Recorded data:

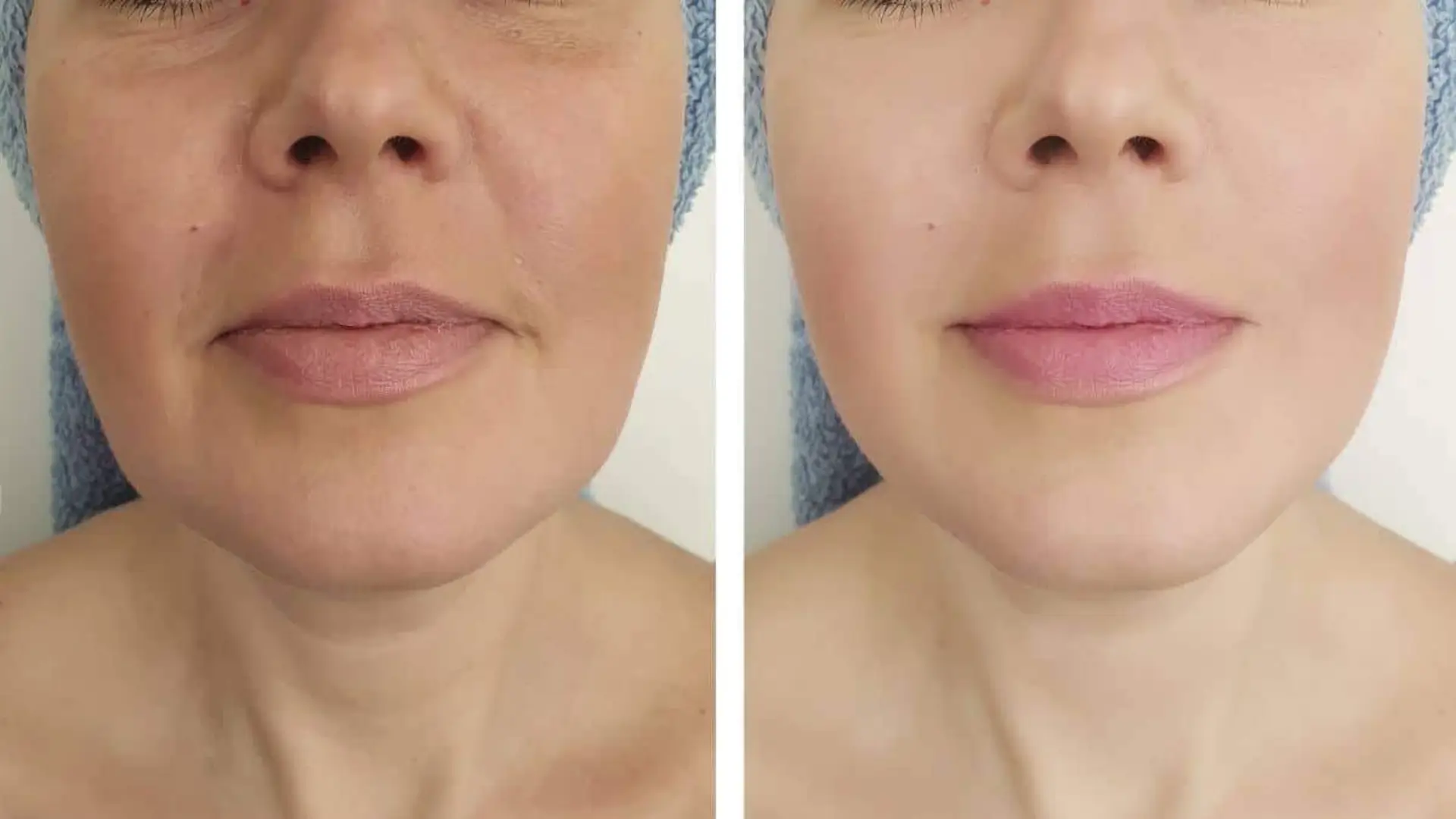 Những điểm khách hàng hay nhắc tới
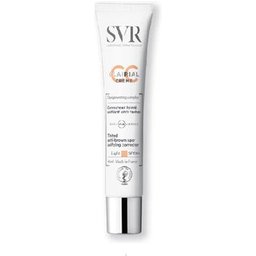 Clairial SPF50+ Light 40ml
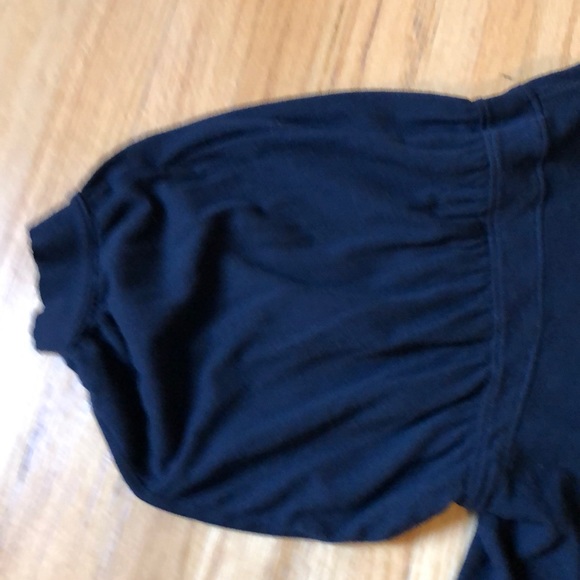 FREEPEOPLE - “We The Free” Cropped T-Shirt - Picture 4 of 4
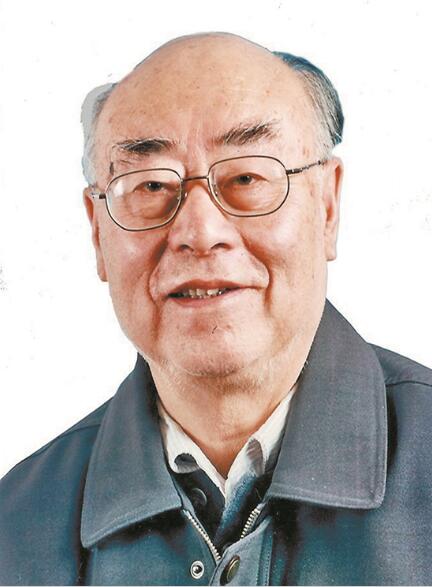 于敏待遇，卓越科学家的非凡成就与应有的尊重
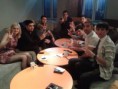 /album/conquest-team-ukraine/a4e3-dwzyvmo-jpg/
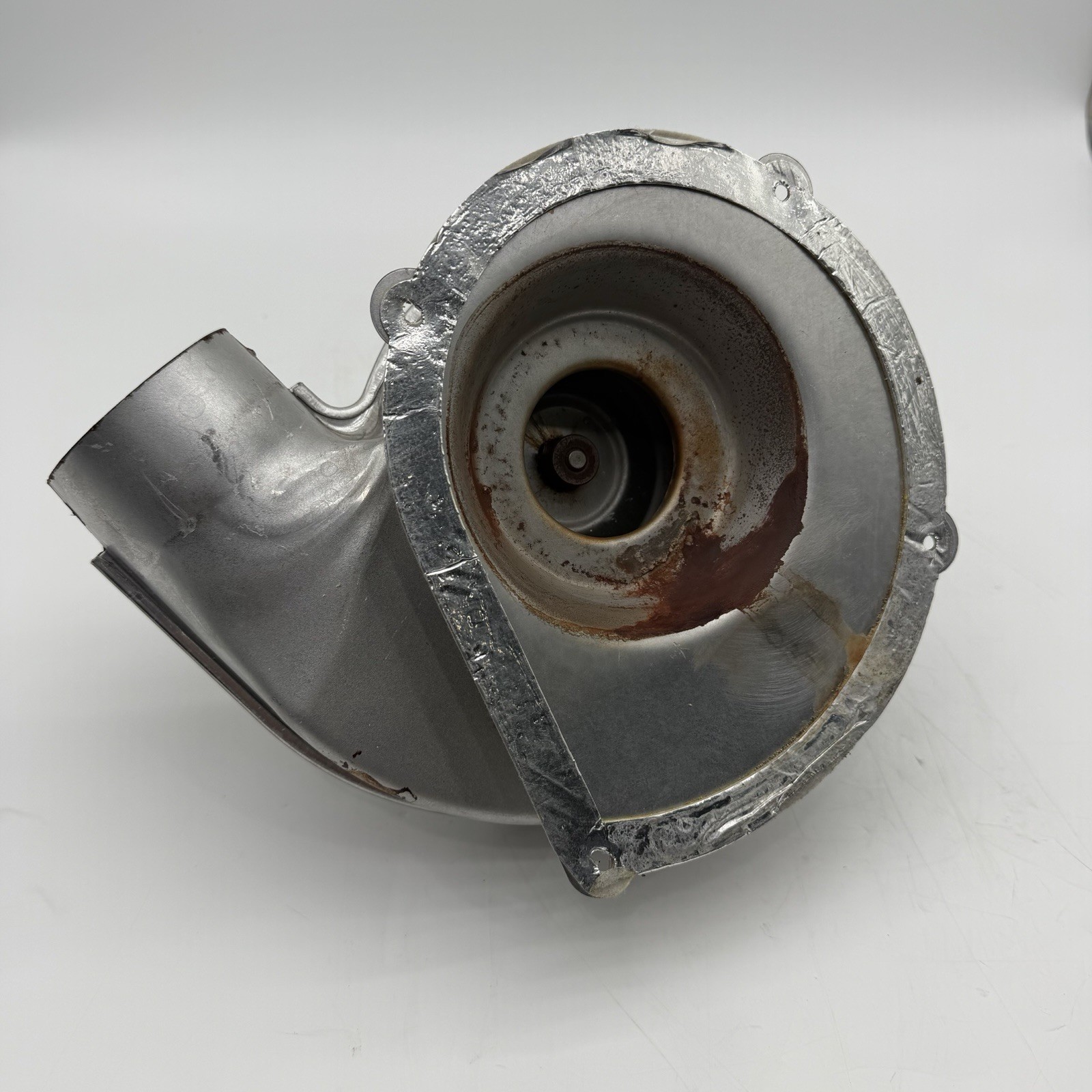 Rheem Ruud 70-101087-01 Fasco 7021-11559 Furnace Draft Inducer used, tested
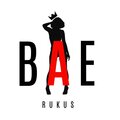 Bae (Explicit)
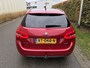 Peugeot 308 SW 1.2 PureTech Blue Lion / NAVI / CRUISE / PANORAMADAK / 122dkm! NAP!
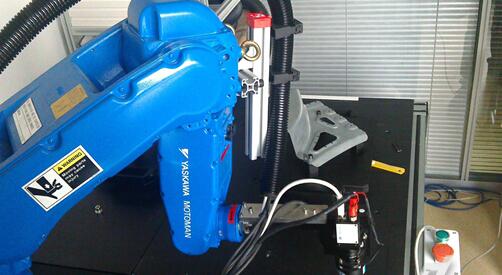 ׌�z�y���o���e��EMVPϵ�y����܇�㲿���z�y�еđ���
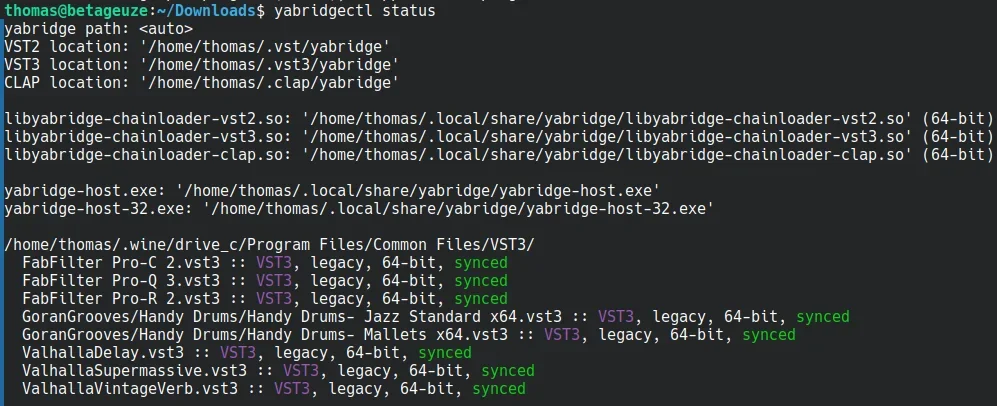 1730036460990.png 1730036460990.png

* _Activity_
An exact copy of the lines from the one with "Clairial SPF50+ Light 40ml" through the end of the records: produce that and nothing more, leaving out the pictures.

* _Response area_
 Clairial SPF50+ Light 40ml
 FREEPEOPLE - “We The Free” Cropped T-Shirt - Picture 4 of 4
 于敏待遇，卓越科学家的非凡成就与应有的尊重
 /album/conquest-team-ukraine/a4e3-dwzyvmo-jpg/
 Rheem Ruud 70-101087-01 Fasco 7021-11559 Furnace Draft Inducer used, tested
 Bae (Explicit)
 Peugeot 308 SW 1.2 PureTech Blue Lion / NAVI / CRUISE / PANORAMADAK / 122dkm! NAP!
 ׌�z�y���o���e��EMVPϵ�y����܇�㲿���z�y�еđ���
 1730036460990.png 1730036460990.png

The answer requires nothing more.